→ Exercise details: Within the entries below, the lines from the one with "DIANE DE CARLO" through the one with "Used 2025 Hyundai Kona SEL video 1" are to be set down exactly, both ends kept.

══ Input records

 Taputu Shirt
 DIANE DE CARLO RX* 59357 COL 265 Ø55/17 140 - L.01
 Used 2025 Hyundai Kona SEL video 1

════
══ Input records

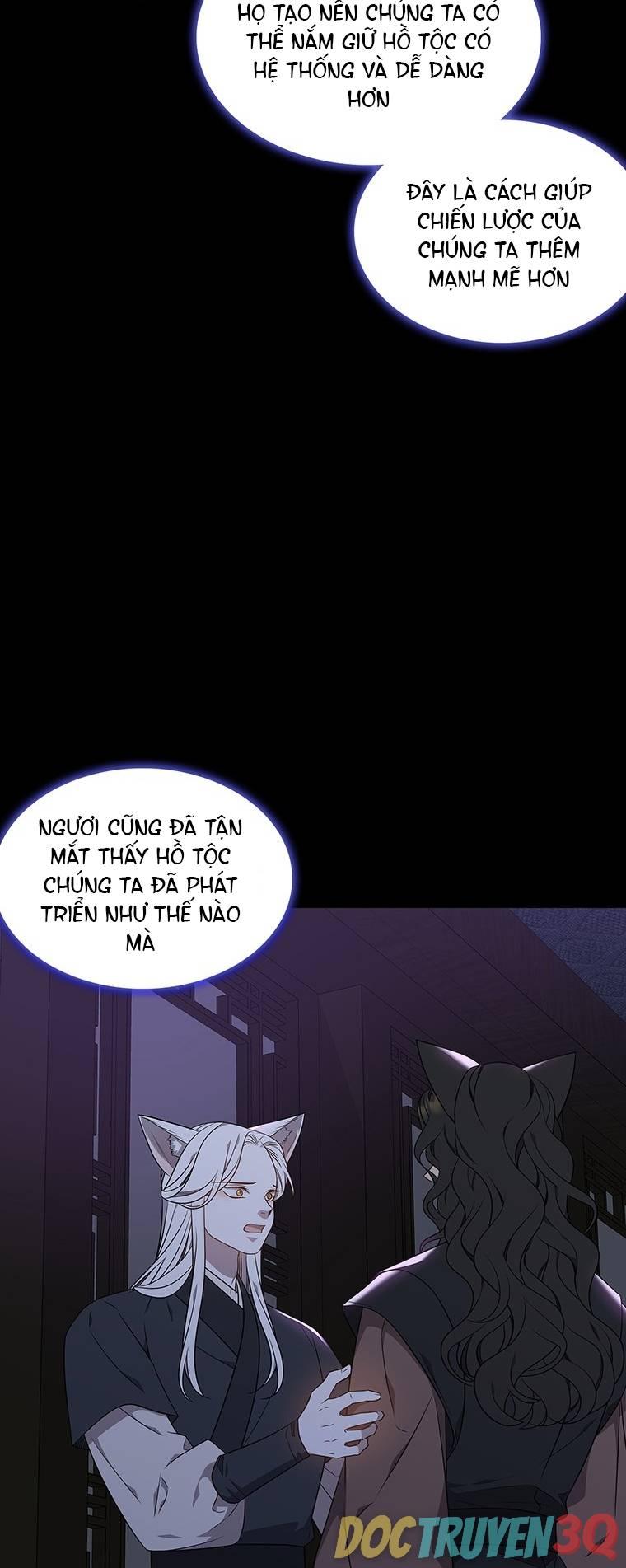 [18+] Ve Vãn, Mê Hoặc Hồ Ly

════
══ Input records

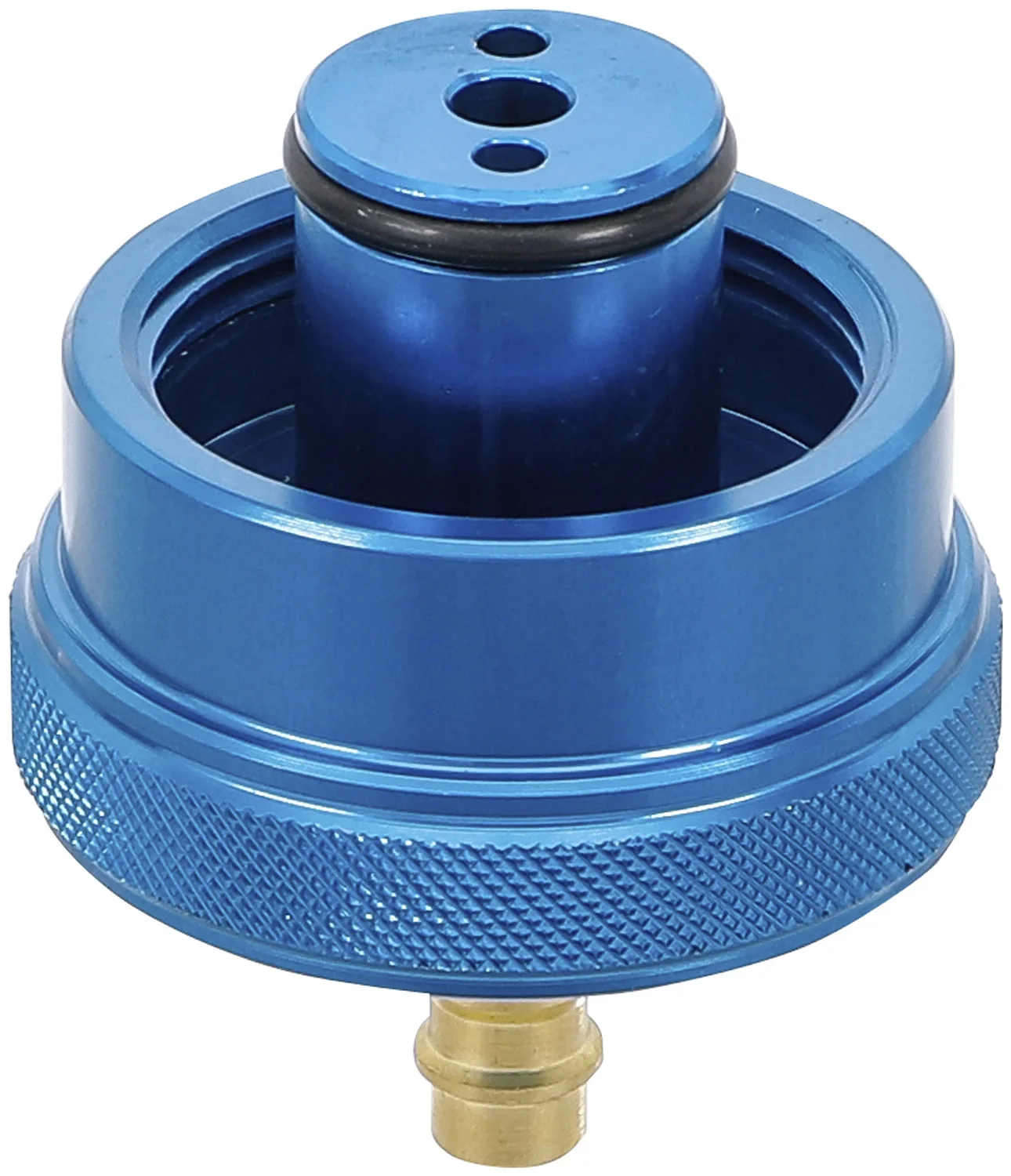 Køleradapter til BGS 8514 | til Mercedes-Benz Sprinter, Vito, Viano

════

→ Output for this task:
 DIANE DE CARLO RX* 59357 COL 265 Ø55/17 140 - L.01
 Used 2025 Hyundai Kona SEL video 1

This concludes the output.